Excerpts from a dataset

[Start of section]

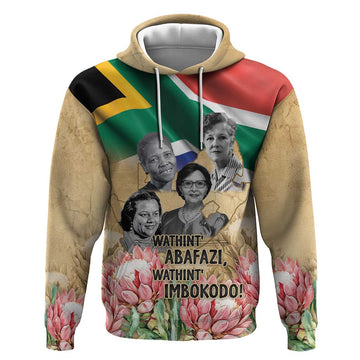 South African Women Mobilisation Hoodie Wathint Abafazi Wathint Imbokodo LT15
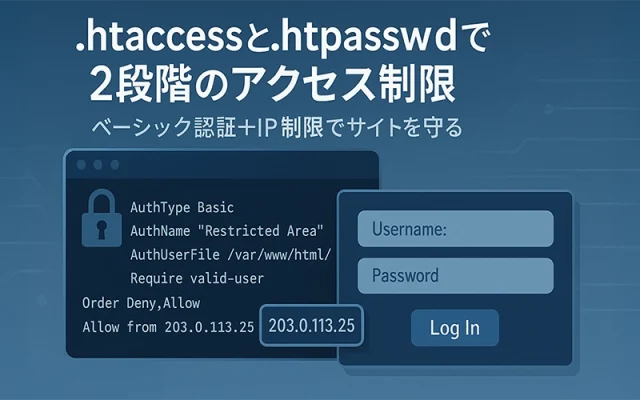 【実践セキュリティ】.htaccessで2段階のアクセス制限をかける方法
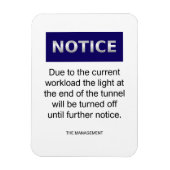 Due to the current workload notice funny magnet (Vertikal)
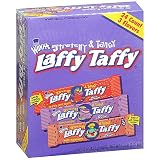 Wonka Laffy Taffy, Assorted: Sparkle Jerry Cherry, Herman Grape, Wally Watermelon, 1.5 oz (Pack of 24)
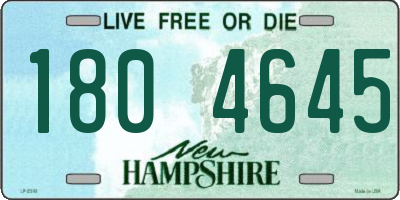 NH license plate 1804645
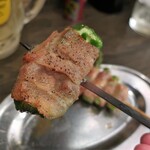 串焼き 浅五郎 - ・「ピーマンチーズ肉巻き(¥242)」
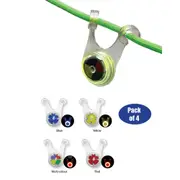 4PK Camp Pro Guy Rope Warning Light/Hanging Hiking/Camping Tent Signal Torch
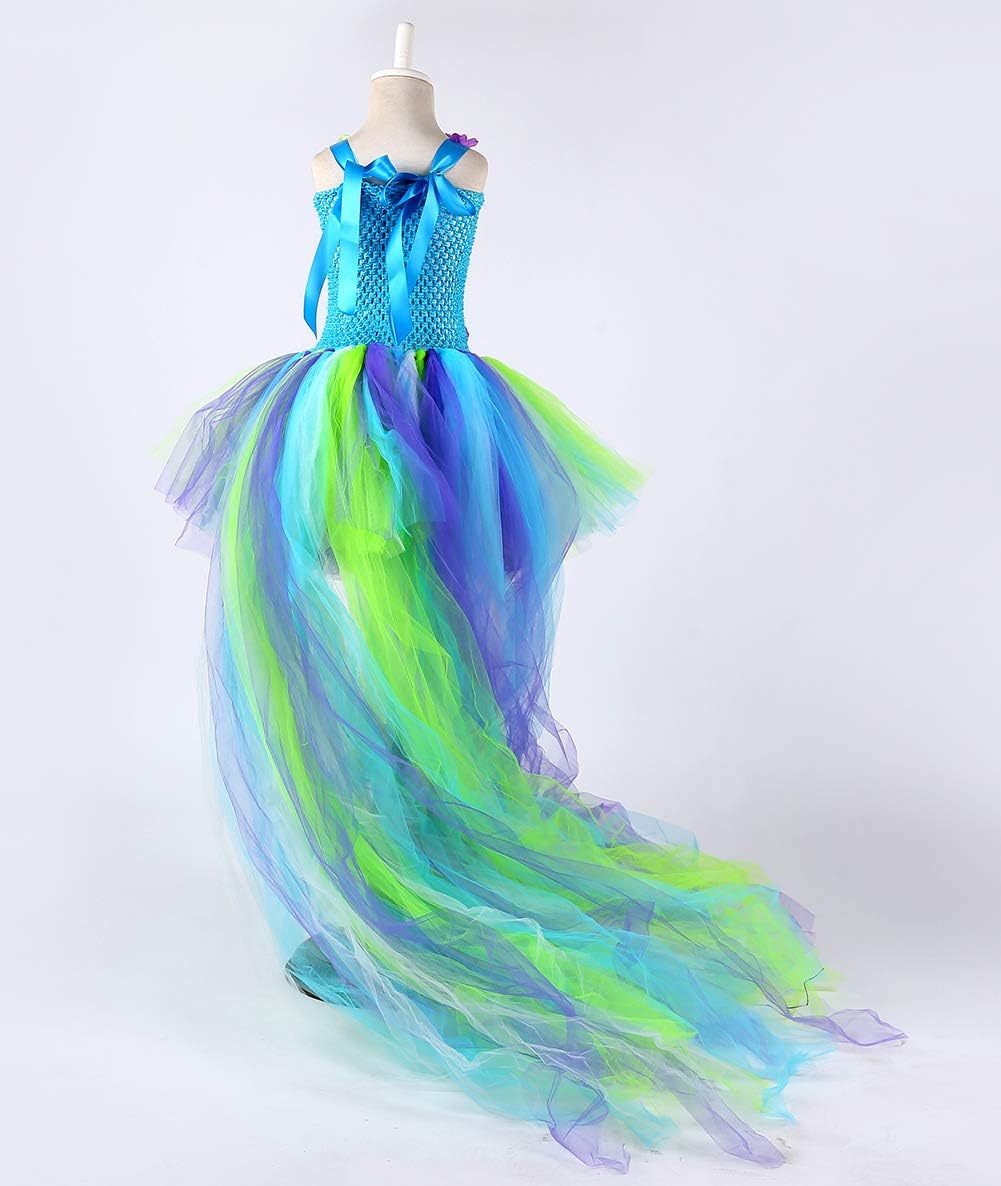 Tutu Dreams Tutu Dreams Green Fairy Costume for Girls with Wings Perfect for Renaissance Faire and Dress Up Play - View 6 of 9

[End of section]

**ACTIVITY**
Only the lines from the one containing "NH license plate 1804645" through the final line of the entries belong in the copy, both ends included. Pictures stay out.

**EXPECTED ANSWER**
 NH license plate 1804645
 串焼き 浅五郎 - ・「ピーマンチーズ肉巻き(¥242)」
 4PK Camp Pro Guy Rope Warning Light/Hanging Hiking/Camping Tent Signal Torch
 Tutu Dreams Tutu Dreams Green Fairy Costume for Girls with Wings Perfect for Renaissance Faire and Dress Up Play - View 6 of 9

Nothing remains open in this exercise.